AD has been associated with a deficit in nicotinic cholinergic neurotransmission. A means to up-modulate or potentiate the channel activity of nicotinic receptors in response to acetylcholine is to use allosterically potentiating ligands (APLs). Representative nicotinic APLs are the plant alkaloids physostigmine, galanthamine, and codeine and the neurotransmitter serotonin (20). Structural properties of APLs are different from the structural properties of inhibitors of the enzyme acetylcholinesterase (AChE), the type of drugs currently approved to treat cognition impairment in AD. Compared with conventional AChE inhibitors, galantamine (Gal) produces relatively less AChE inhibition. Codeine does not interact with AChE at all. In the covalent AChE inhibitor, physostigmine, removal of the carbamate function has no effect on potency as an APL, but this treatment reduces significantly the potency of physostigmine's AChE inhibition (20). The category of APLs has been limited to physostigmine, galanthamine, codeine, and serotonin on the basis of functional properties tested with nicotinic cholinergic agonists and antagonists (20). Functionally unique features of APLs include the ability to induce single-channel activity indistinguishable from single-channel activity induced by acetylcholine.
Having demonstrated that the nicotinic cholinergic drug GTS-21 ameliorated learning deficits in older rabbits, we wanted to determine whether the dual action of an APL would have even greater efficacy in the classical eyeblink-conditioning model paradigm.

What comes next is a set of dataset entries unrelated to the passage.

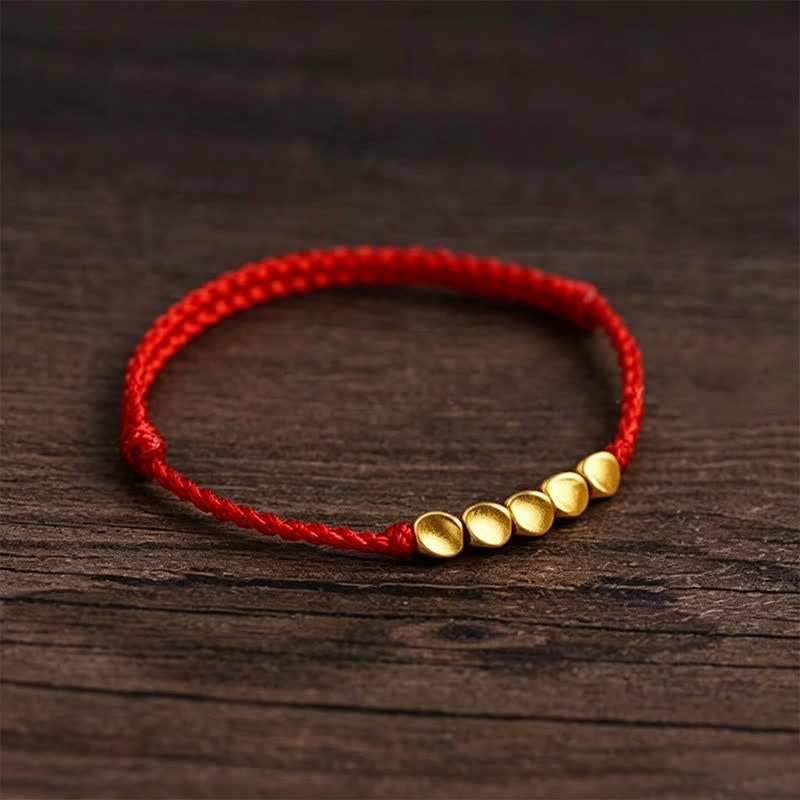 Nimara Ritual Hand-Woven Red String Twisted Beads Protection Braided Adjustable Bracelet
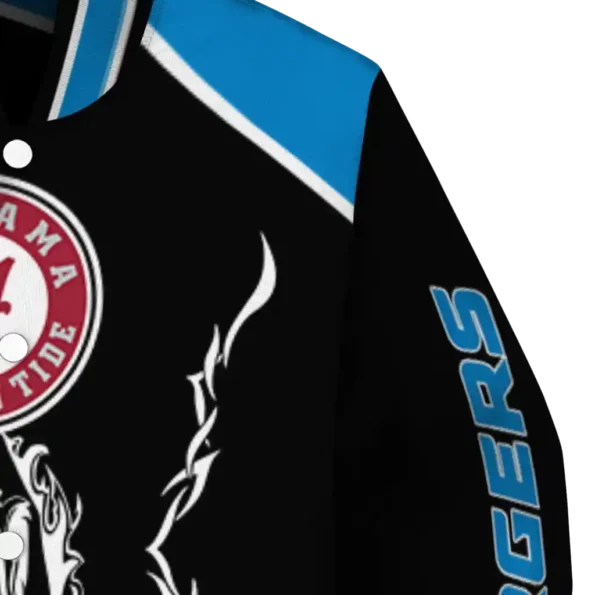 personalized los angeles chargers claw blood blue black varsity jacket premium grade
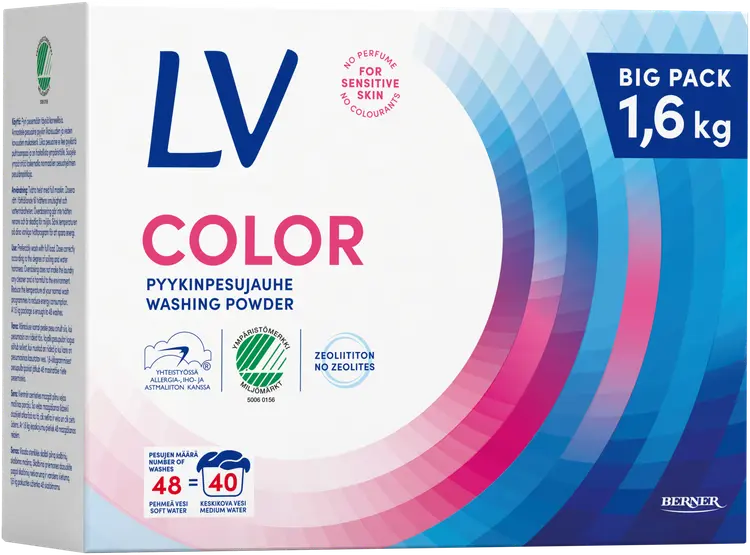 LV 1,6kg Color pyykinpesujauhetiiviste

A nicotinic APL, Gal, was tested at doses of 0.0, 1.0, 2.0, 3.0, and 4.0 mg/kg (21). In 10 daily sessions, 40 older rabbits were tested in the 750-ms delay-conditioning paradigm. A dose of 3 mg/kg Gal was extremely effective in improving conditioning in older rabbits, enabling them to achieve learning criterion rapidly and to produce a very high percentage of CRs. Trials to learning criterion, a measure that is larger when learning is poorer, revealed a classical U-shaped response curve with doses of 1.0 and 2.0 mg/kg Gal producing nonsignificant effects over vehicle-treated rabbits, a dose of 3.0 mg/kg Gal reducing the number of trials to learning criterion to a mean significantly lower than vehicle-treated rabbits, and 4.0 mg/kg Gal producing a nonsignificant effect. Older rabbits treated with 3.0 mg/kg Gal achieved learning criterion 40% faster than older rabbits tested with the optimal dose of GTS-21.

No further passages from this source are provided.